From Schwartz Media. I’m Elizabeth Kulas. This is 7am.

The pendulum that is used to predict outcomes in elections is broken. There is no longer a “national mood” or a “national conversation”. Richard Denniss on what this means and how it might change the role of money in politics, too.

Archival tape — Unidentified man 1:

“Wouldn’t it be fantastic to stop referring to polls during every single political interview that occurs on every single radio station, every single TV station. We go there so often, so won’t it be fantastic to shake the whole situation up somewhat…”

Archival tape — Unidentified man 2:

“There’s no doubt that in the first half of the 20th century we, and I mean the press and the public, looked the other way...It seems now the pendulum is swinging a little too far the other way…”

Archival tape — Barrie Cassidy:

“After losing more than 50 consecutive opinion polls, and maybe that’s the last time we should mention them…”

Archival tape — Unidentified woman 1:

“All the polls can’t have been wrong, I mean, every single one of them?”

Archival tape — Unidentified woman 2:

“Yes but they were…”

Archival tape — Unidentified woman 1:

“Yeah, but why?”

ELIZABETH:

All right. So Richard I was hoping we could begin with the idea of the pendulum in Australian politics.

[Theme ends]

RICHARD:

Yes, the electoral pendulum is a metaphorical pendulum and it's supposed to swing according to the national mood. The pendulum sort of trains us to focus on the marginal seats and if there's only a small swing then only a small number of very marginal seats will change hands. And if there's a bigger swing then we go further up through the marginal seats.

ELIZABETH:

Richard Denniss is chief economist at the Australia Institute. He also writes for The Monthly and The Saturday Paper.

RICHARD:

So we think of a pendulum kind of knocking over seats as it swings and it's designed to give us a prediction of which seats will change hands at an election after all those opinion polls that we read so much about.

ELIZABETH:

So I mean, it’s a useful and basic tool of political analysis.

RICHARD:

Oh look it's been around for decades and yeah, it's just a simple political analysis tool but it's probably passing its use by date.

ELIZABETH:

Yeah. Does it work?

RICHARD:

Well it doesn't work nearly as well as it used to work. Now it's important to acknowledge that it never was accurate and that people that invented it never said it would be perfectly accurate... but it's becoming less and less accurate over time it's predicting less and less of what will happen, in part because there is no national mood anymore.

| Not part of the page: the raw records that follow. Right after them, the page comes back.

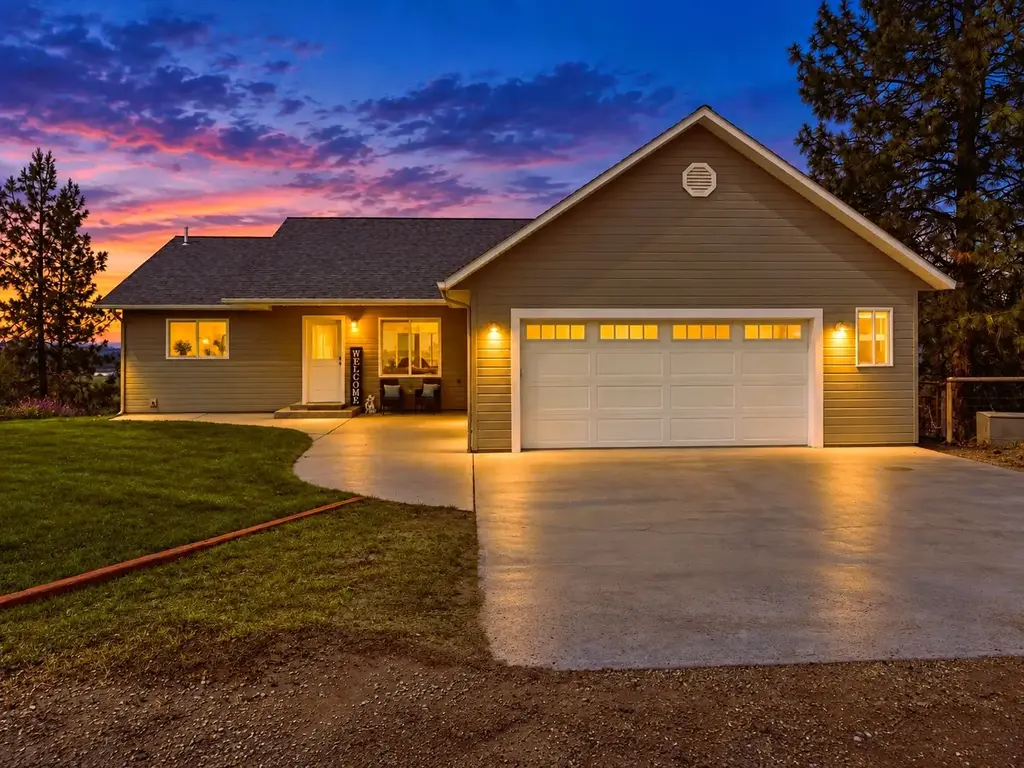 1095 Iron Cap Drive, Stevensville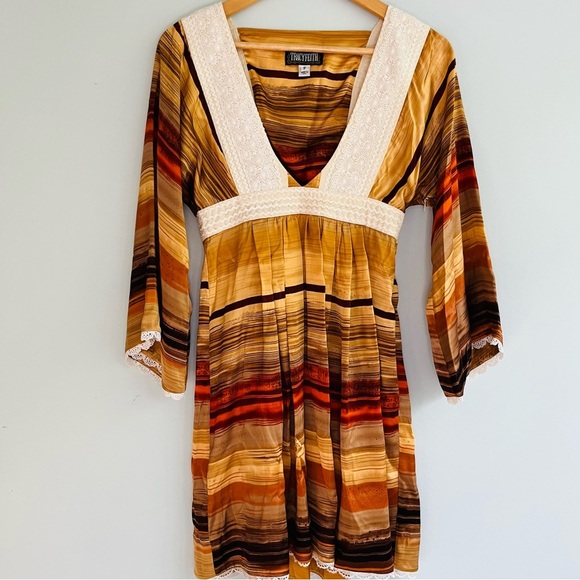 Tracy Feith Boho Vintage Mini Dress XS Stripe Retro Tunic Lace Trim V-Neck - Picture 1 of 15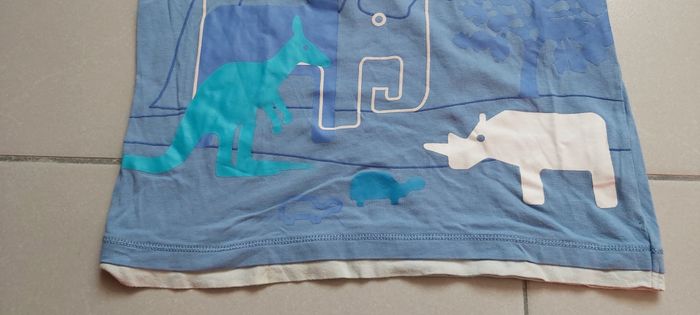 Tshirt manche longue motif éléphant kangouroi 8 ans - photo numéro 3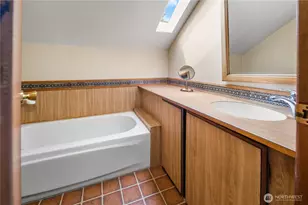 2654 W Dravus St, Seattle, WA 98199 - Photo 19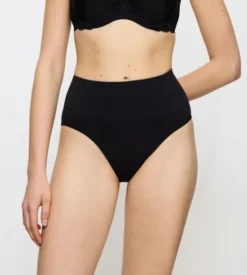 Triumph Soft Sculpt Bandeau String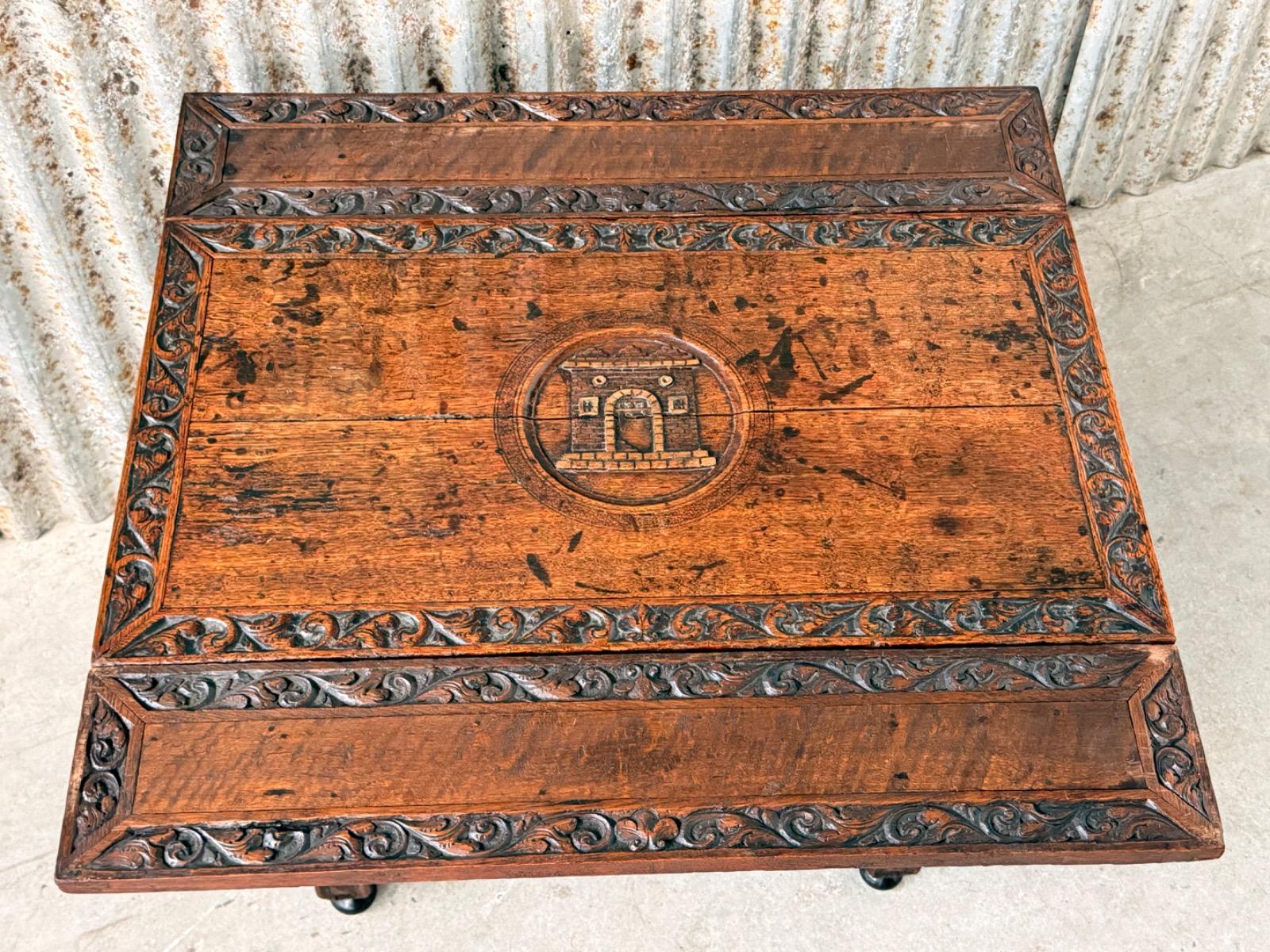 Hollandse flespoot tafel met uittrek bladen.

Archival tape — Unidentified man 1:

“Nobody saw that coming. And neither did anyone predict 10 plus swings to the coalition in Dawson, and the same in Capricornia and 8 per cent in Flynn, a seat that Labour expected to win…”

ELIZABETH:

So why is it that we still spend so much time focusing on these national averages, when we know that they might not be as accurate as they once were?

RICHARD:

Look I think they're wonderful shorthand. They're a great device for simplifying something as complicated as the fact that on election day what we're actually having is 151 different elections to elect 151 people to the lower house and that can be a bit time consuming and a bit tedious for political analysts and commentators to talk about.

ELIZABETH:

And Richard if we look at the pendulum broadly as it performed at the last election, how accurate was it?

RICHARD:

The Coalition won only three of the seats that the pendulum said they should win. But in addition to that they won two seats that the pendulum said they wouldn't win.

ELIZABETH:

Huh.

RICHARD:

And at the same time the ALP picked up a seat that according to the pendulum it shouldn't have won. So to summarize that the pendulum was wrong about twice as many seats as it was right in.

ELIZABETH:

And yet we still talk about the pendulum.

RICHARD:

Oh we talk incessantly about the pendulum. And after the election people start saying what will the national swing need to be for Labor to win? When in reality Labor needs to win five seats off the Coalition at the next election. And it doesn't matter which five it wins.

ELIZABETH:

So does this kind of broken pendulum expose flaws in how parties are thinking about politics today?

RICHARD:

I think it does. I think the pendulum has trained the media and its trained political parties to pay undue attention to a handful of marginal seats. The pendulum is a thought experiment whose whose time is nearly passed.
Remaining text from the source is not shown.